Finding and Funding Your Passion
Commercial dance student and a winner of the 2014-2015 Ted and Pat Levine Proof of Concept Entrepreneurship Initiative Juliette Nieves ’15 is getting down to business to pursue a passion that pays.
Juliette Nieves ’15 started dancing before age three while taking informal lessons from her father in the family’s living room. The BA in Commercial Dance student has come a long way since then, and is making her passion work for her, thanks to Pace and the Lubin School of Business.
Nieves is the founder/CEO and artistic director of Reaction Dance Company, a fusion dance group that brings ethnically diverse entertainment into the American marketplace by offering customized performances in the combined styles of Latin, Bollywood, hip-hop, and contemporary. Think America’s melting pot, but with dance.

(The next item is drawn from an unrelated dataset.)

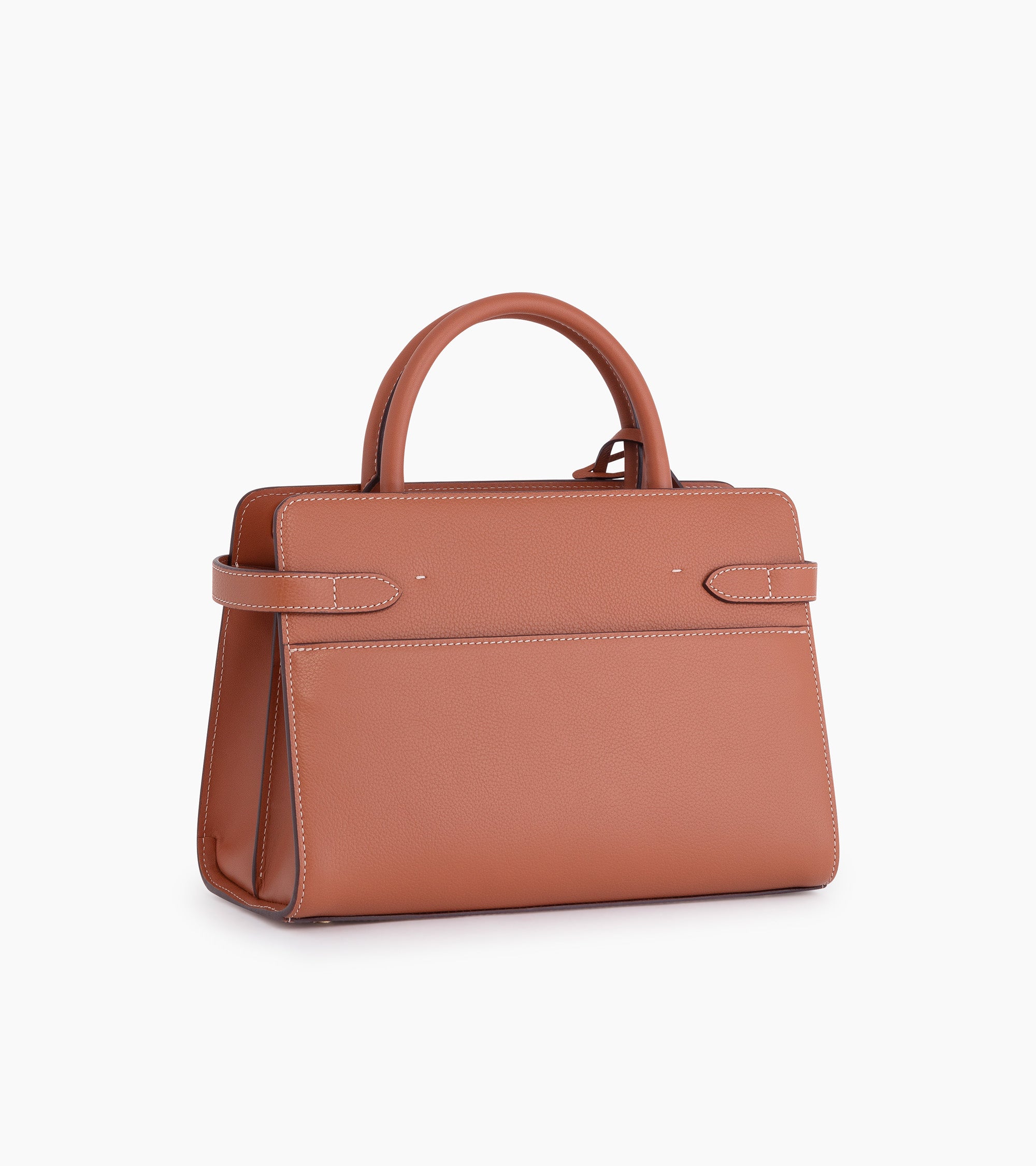 Sac à main moyen modèle Emilie en cuir grainé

“I thought, what if we could mix styles together and show who we and our cultures are through dance—and not just about one culture, but many,” she says of the inspiration behind Reaction Dance. As ambitious as it is innovative, Nieves knew the company required funding to sustain itself. “There’s a thing in dance where you feel like you’re not supposed to make money, or you’ve been told most of your life that artists don’t really make a lot of money,” says Nieves, who’s determined to make dancing a viable career for herself and others. That’s when she turned to resources at Pace for help.
As a member of the Pforzheimer Honors College, she applied for a competitive Honors College Research Grant during her junior year to study and learn more about dance. “When you think Honors College and research, you think science and sociology—the ‘hard’ subjects, so to speak,” she recalls, thinking that getting the grant wasn’t likely due to the general perception of dance. To her surprise, she received the grant.

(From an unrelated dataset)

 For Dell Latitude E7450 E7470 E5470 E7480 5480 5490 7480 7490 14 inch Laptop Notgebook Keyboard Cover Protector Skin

But Nieves didn’t stop there. She applied for and won a newly established Ted and Levine Proof of Concept Entrepreneurship Award as well, which will help her to advance Reaction Dance without taking money out of her own pocket for rehearsals, to promote work, to pay for legal work to incorporate the company, and more. “It means a lot to win the grant,” she says. “I never had anyone say that dance is a practical business idea, so getting that grant made me very hopeful.”
As far as her ambitions for the next year and beyond, she wants to create momentum around her dance company, build upon upcoming opportunities for Reaction, and to lay the foundations for a new form of expression. “We, as a culture, put ballet and contemporary on this pedestal in America as the ultimate forms of dance—but every dance is technical, and beautiful, and there shouldn’t be boundaries between styles. We need to move dance forward,” she says. With Reaction’s diverse combinations of styles, there’s no doubt that Nieves and the company will find the right steps.